**WHAT IS REQUIRED**
Transcribe the entries below exactly, starting with the line that has "Fototapeta premium Blue" and stopping after the line that has "People walk by"; no pictures belong in the copy.
START DATASET ENTRIES
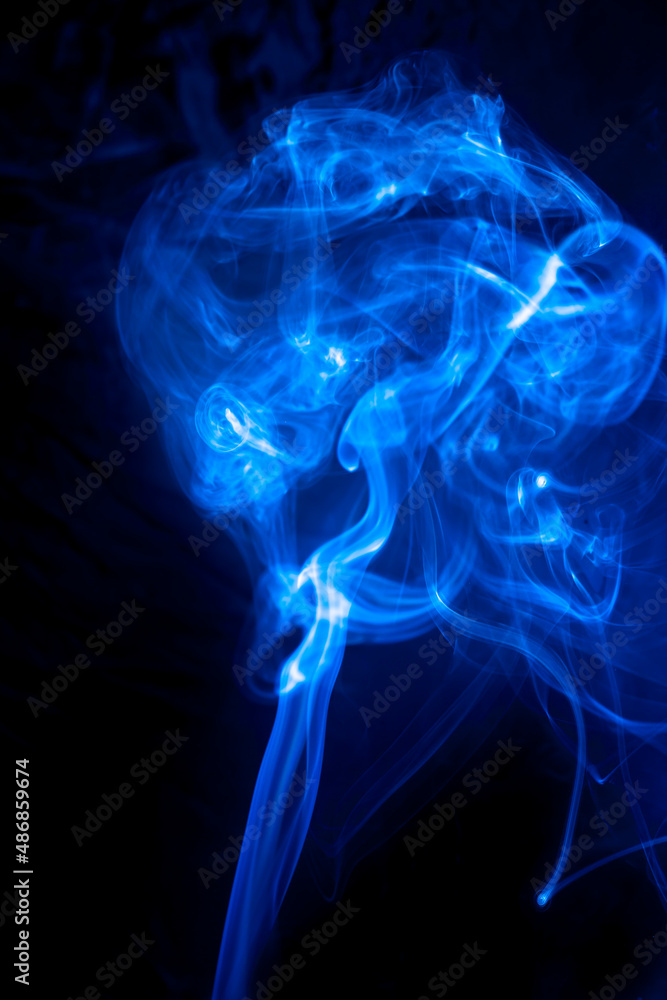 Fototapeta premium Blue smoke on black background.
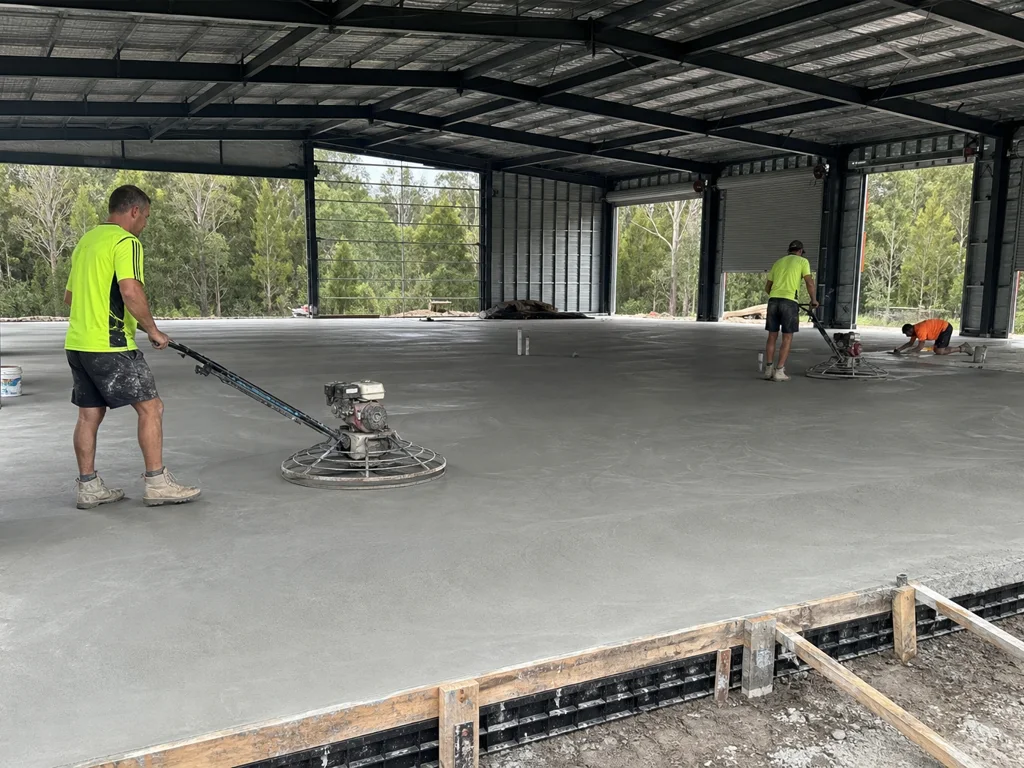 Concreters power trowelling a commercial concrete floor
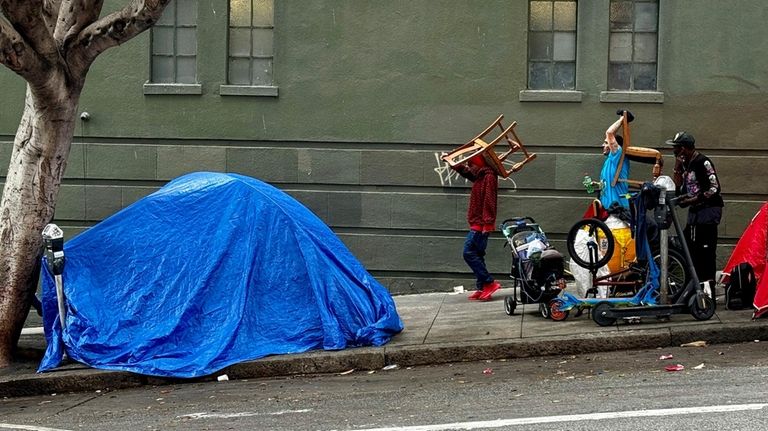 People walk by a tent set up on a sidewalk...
END DATASET ENTRIES
START DATASET ENTRIES
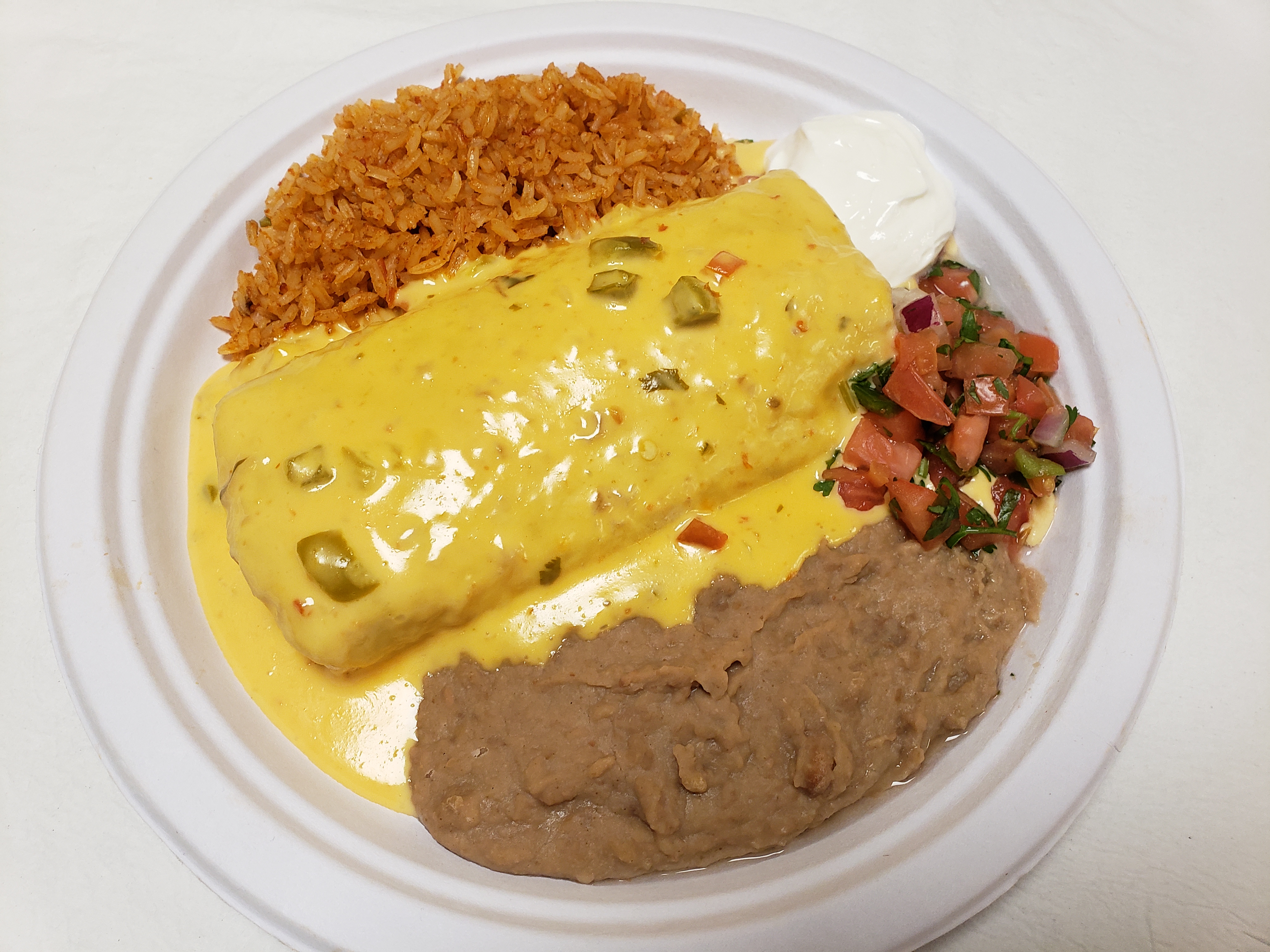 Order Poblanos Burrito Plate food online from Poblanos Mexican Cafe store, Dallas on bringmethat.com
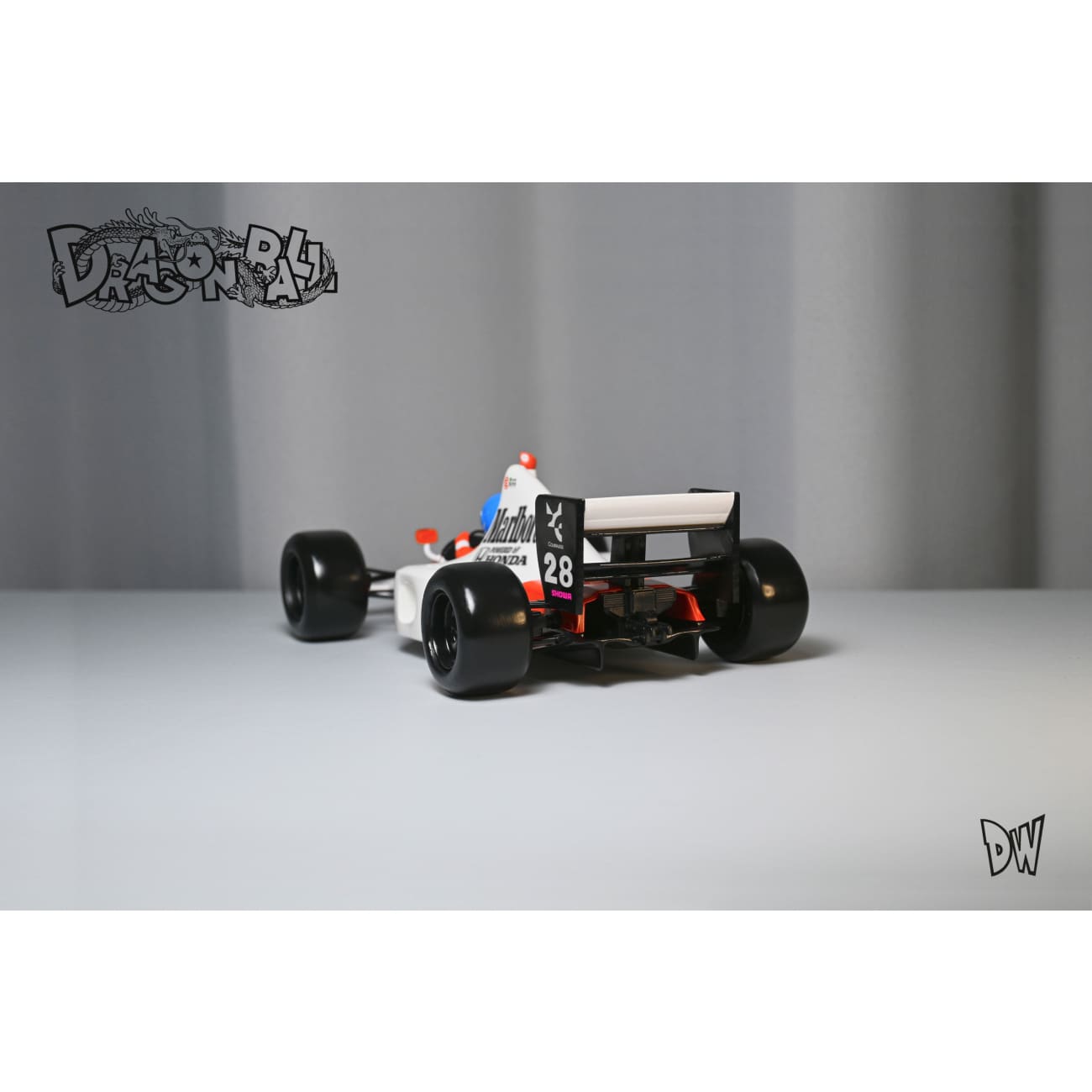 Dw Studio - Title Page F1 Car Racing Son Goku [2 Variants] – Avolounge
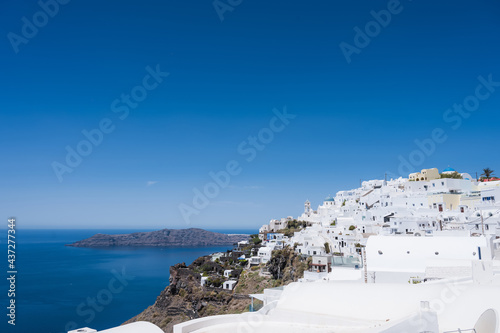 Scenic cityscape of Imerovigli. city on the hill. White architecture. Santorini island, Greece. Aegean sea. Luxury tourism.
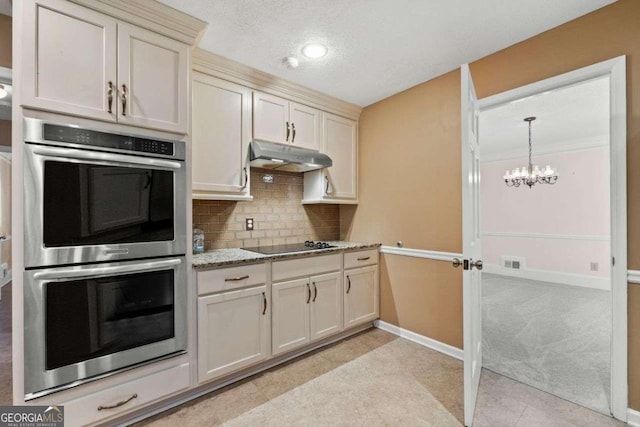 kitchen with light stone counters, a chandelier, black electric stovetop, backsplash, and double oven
END DATASET ENTRIES
**EXERCISE RESULT**
 Fototapeta premium Blue smoke on black background.
 Concreters power trowelling a commercial concrete floor
 People walk by a tent set up on a sidewalk...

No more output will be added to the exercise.